Light novels have become very popular in Japan, and the publishing companies are constantly searching for new talent with annual contests, many of which earn the winner a cash prize and publication of their novel. The Dengeki Novel Prize is the largest, with over 2000 submissions annually. They are all clearly labeled as "light novels" and are published as low-priced paperbacks. In 2007 it was estimated (according to a web site funded by the Japanese government) that the market for light novels was about ¥20 billion ($166.7 million at ¥120 to the dollar) and about 30 million copies published annually. Kadokawa Group Holdings, which owns major labels like Kadokawa Sneaker Books and Dengeki Books, has a 70% to 80% share of the market.

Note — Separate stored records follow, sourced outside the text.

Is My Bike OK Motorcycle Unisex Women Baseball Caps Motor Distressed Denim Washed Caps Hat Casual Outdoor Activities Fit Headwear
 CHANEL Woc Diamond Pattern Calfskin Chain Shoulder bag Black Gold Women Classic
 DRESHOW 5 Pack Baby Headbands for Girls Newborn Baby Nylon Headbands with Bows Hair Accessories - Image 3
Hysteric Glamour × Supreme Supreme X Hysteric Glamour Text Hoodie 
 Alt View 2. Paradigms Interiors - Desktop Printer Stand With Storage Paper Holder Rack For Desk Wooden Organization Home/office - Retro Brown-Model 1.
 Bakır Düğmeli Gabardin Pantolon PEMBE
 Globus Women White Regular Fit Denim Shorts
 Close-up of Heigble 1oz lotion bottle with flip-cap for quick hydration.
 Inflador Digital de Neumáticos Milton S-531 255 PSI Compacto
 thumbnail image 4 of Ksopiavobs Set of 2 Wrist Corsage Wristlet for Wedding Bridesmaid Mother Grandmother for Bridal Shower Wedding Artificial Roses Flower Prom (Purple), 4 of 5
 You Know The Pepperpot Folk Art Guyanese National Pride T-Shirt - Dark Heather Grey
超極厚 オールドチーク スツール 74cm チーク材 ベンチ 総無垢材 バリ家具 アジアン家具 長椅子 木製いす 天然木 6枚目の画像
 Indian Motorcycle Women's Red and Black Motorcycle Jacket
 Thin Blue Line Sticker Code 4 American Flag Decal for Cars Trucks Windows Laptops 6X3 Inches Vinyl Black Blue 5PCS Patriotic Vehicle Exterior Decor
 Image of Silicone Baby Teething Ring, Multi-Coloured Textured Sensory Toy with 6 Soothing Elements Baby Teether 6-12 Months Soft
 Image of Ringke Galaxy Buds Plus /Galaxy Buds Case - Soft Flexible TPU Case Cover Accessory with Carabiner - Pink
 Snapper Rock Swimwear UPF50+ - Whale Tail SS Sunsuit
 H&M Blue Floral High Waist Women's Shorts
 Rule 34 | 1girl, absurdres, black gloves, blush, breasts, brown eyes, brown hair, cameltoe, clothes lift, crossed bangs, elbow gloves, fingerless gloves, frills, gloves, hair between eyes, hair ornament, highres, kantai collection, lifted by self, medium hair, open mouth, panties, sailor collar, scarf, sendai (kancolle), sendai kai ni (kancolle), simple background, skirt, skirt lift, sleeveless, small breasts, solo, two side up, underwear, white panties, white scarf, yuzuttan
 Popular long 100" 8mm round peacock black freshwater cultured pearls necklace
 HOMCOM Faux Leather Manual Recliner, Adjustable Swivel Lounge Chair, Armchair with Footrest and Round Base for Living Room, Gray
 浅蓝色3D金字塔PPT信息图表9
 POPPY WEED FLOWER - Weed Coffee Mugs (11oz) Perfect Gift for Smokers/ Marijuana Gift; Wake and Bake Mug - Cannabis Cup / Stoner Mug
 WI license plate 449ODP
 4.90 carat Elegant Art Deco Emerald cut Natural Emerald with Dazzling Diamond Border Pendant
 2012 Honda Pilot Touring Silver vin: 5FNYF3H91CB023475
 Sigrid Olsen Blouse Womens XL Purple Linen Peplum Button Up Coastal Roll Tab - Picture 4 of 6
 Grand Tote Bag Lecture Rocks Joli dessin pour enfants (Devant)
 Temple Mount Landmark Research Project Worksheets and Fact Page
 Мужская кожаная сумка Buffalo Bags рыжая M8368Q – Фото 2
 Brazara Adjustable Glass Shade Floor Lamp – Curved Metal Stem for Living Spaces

There are currently many licensed English translations of Japanese light novels available. These have generally been published in the physical dimensions of standard mass market paperbacks or similar to manga tankōbon, but starting in April 2007, Seven Seas Entertainment was the first English publisher to print light novels in their original, Japanese format of 10.5 cm × 15 cm. Other English-language publishers that produce light novels are Tokyopop, Viz, DMP, Dark Horse, and Del Rey Manga.
Light novels are a kind of popular literature, read purely for entertainment by non-demanding audiences, so the writing style utilized in them is adequate, very different from the one used for adult fiction. They frequently have very short paragraphs, containing 1-3 sentences and are dialogue-heavy. Writers also restrain the role of form in the literary work in order to contain a maximum amount of pure, concrete content. Light novel authors use literary minimalism, mainly to increase reading speed, so they can be read at a pace only slightly lower than when reading manga. Also, light novels introduced a new, original way to use furigana, which later spread onto other media such as visual novels. In the original Japanese light novels, furigana are not only used to show young readers who do not have a strong command of kanji, how some more complicated characters are read, like in shōnen manga. Many light novel writers prefer to give some kanji a completely new reading, usually of foreign descent (English terms or completely fictional, invented names for existing objects). This way authors utilize a certain property of kanji - unlike the letters of the Latin alphabet, each kanji is associated with not only its sound, but also the meaning. Some of this style may be lost in the process of translation.